History Will Repeat Itself: Strategies of Re-enactment in Contemporary Art
November 18, 2007 - January 13, 2008
Artists: Guy Ben-Ner, Walter Benjamin, Irina Botea, C-Level, Daniela Comani, Jeremy Deller, Rod Dickinson, Nikolai Evreinov, Omer Fast, Iain Forsyth & Jane Pollard, Heike Gallmeier, Felix Gmelin, Pierre Huyghe, Evil Knievel, Korpys/Loeffler, Robert Longo, Tom McCarthy, Frédéric Moser / Philippe Schwinger, Collier Schorr, Tabea Sternberg, Kerry Tribe, T. R. Uthco & Ant Farm, Artur Zmijewski.

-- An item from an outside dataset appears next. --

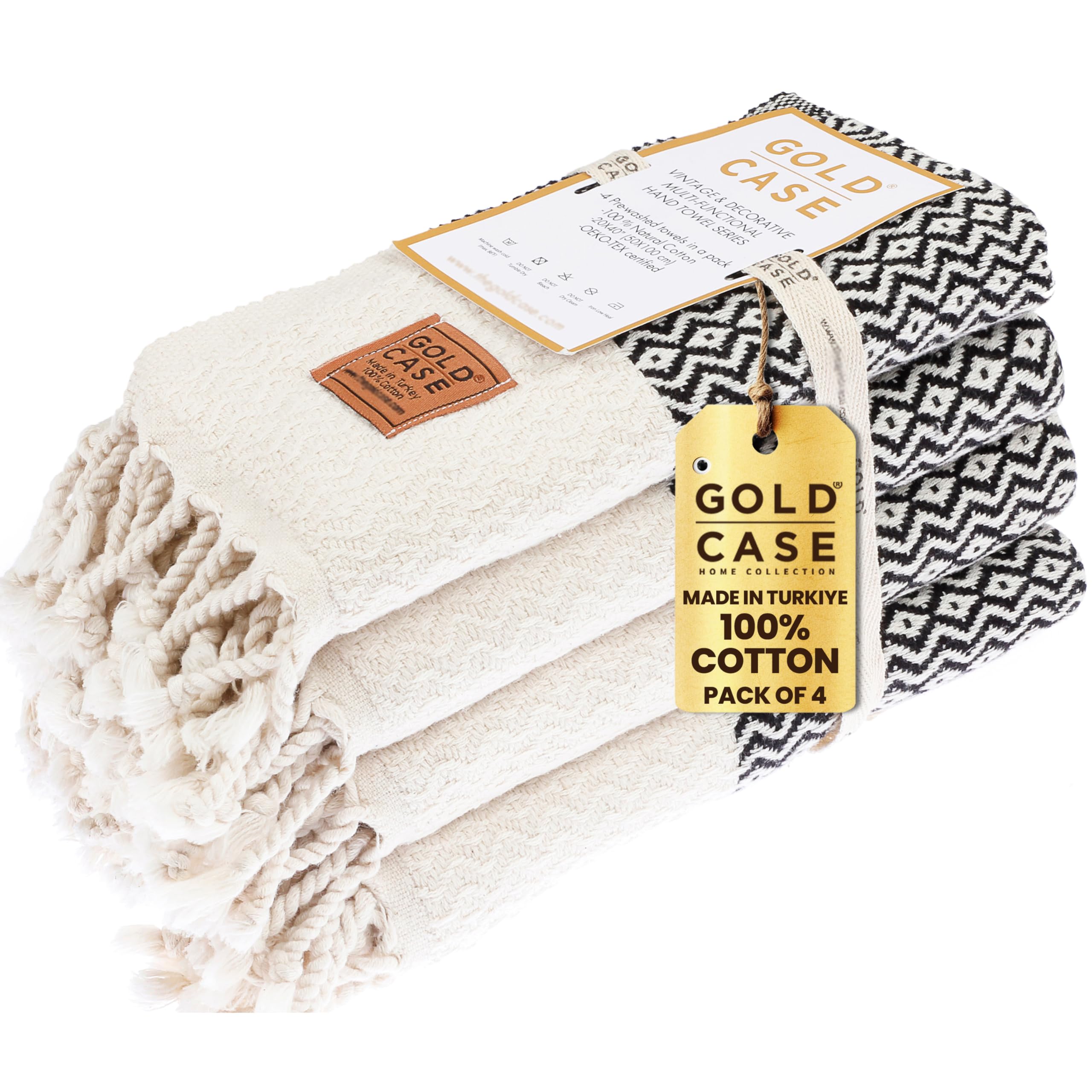 Gold CASE Turkish Hand Towels for Bathroom Set of 4–20x40''–100% Cotton Bathroom Hand Towels – Zeus Towel for Spa, Face, Tea & Dishcloth – Decorative Cloth – Black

“The exhibition History Will Repeat Itself focuses on current strategies of re-enactment in contemporary art and presents the positions of 22 international artists. Re-enactments have become more and more popular in recent years. The re-creation of historical battles or important events seem to exert a fascination particularly because they provide the opportunity to gain a different entry into history by re-experiencing it. In contemporary art there has been an increasing number of artistic re-enactments. Unlike popular historical re-enactments artistic re-enactments do not simply affirm what has happened in the past, but question the present by taking recourse to historical (often traumatic) events that have left their traces in collective memory. Because history and memory are seldom directly experienced but more often mediated through media, re-enactments also represent an artistic interrogation of media images. They try to scrutinize the reality of the images, while at the same time pointing towards the fact that collective memory is essentially mediated memory.”

First posted: Friday, December 7th, 2007.